A triple net lease — commonly written as NNN — is the dominant lease structure in commercial real estate for retail, industrial, and freestanding properties. If you're leasing commercial space in the Chicagoland market, there's a good chance you'll encounter one.
The basic concept is simple: the tenant pays base rent plus the three "nets" — property taxes, property insurance, and common area maintenance (CAM). In practice, it's more complicated than that, and the details matter significantly.
The three nets, explained
Property taxes
You pay a proportionate share of the property's real estate taxes, typically based on your percentage of the total rentable square footage. If your suite is 10% of the building, you pay 10% of the tax bill. In Illinois, property tax assessments can increase significantly — sometimes dramatically — when a property changes hands or undergoes reassessment. Your NNN lease may or may not cap your exposure.
Property insurance
You pay your share of the landlord's insurance premiums for the building. This is typically the smallest of the three nets. Make sure the lease specifies what types of coverage the landlord is required to carry and that it doesn't include coverage for your personal property or business interruption, which are your own responsibility.

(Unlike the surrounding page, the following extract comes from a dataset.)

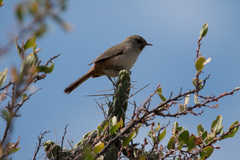 Asthenes dorbignyi arequipae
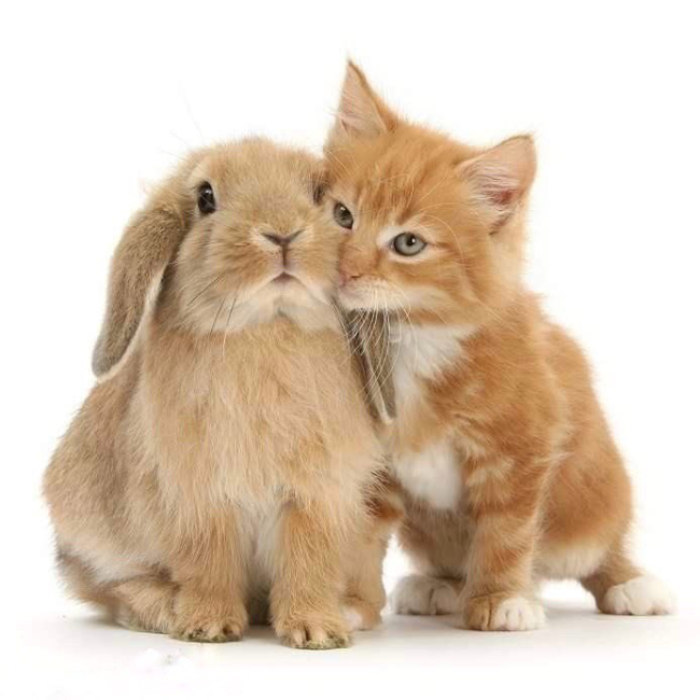 Кот и кролик Пастель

Common area maintenance (CAM)
CAM is often the most variable and contentious net. It covers expenses like parking lot maintenance and repaving, landscaping, snow removal, property management fees, lighting in common areas, and sometimes building administration costs. CAM charges can be highly variable year to year — a parking lot repaving or roof replacement can spike CAM dramatically in a single year.
Why the base rent number is misleading
When a broker quotes you "$18 NNN" for a retail space, that $18 per square foot is the base rent only. The nets might add another $4 to $8 per square foot on top, depending on the property's age, condition, and tax burden. Your actual all-in cost per square foot could be $22 to $26. Always request an estimate of current NNN expenses before comparing properties.

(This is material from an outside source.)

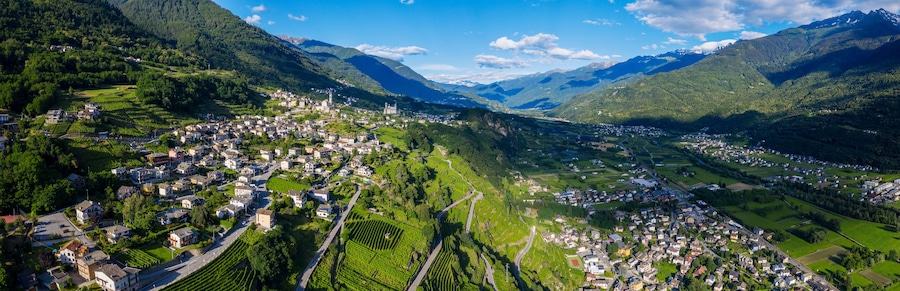 Valtellina (IT) - vineyards and terraces in the Poggiridenti area on the panoramic wine route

Key protections to negotiate
- CAM cap — limit annual increases in controllable expenses to 3–5%
- Exclusions from CAM — capital expenditures (roof, parking lot, HVAC) should be excluded or amortized
- Management fee cap — property management fees charged to CAM should not exceed 3–5% of base rent
- Audit rights — the right to audit operating expense calculations within 12 months
- Tax appeal rights — the right or requirement to appeal tax assessments that exceed a threshold
Modified gross: a middle ground
If full NNN exposure feels like too much risk, a modified gross lease is a common alternative. In a modified gross structure, the landlord and tenant negotiate which expenses each party covers. For example, the tenant might pay property taxes but the landlord covers insurance and CAM, or vice versa. This can provide more predictability for the tenant at the cost of a somewhat higher base rent.
Which structure is better depends on the specific property, your risk tolerance, and market conditions. A broker who knows the market can tell you which structure is standard for a given property type and help you negotiate accordingly.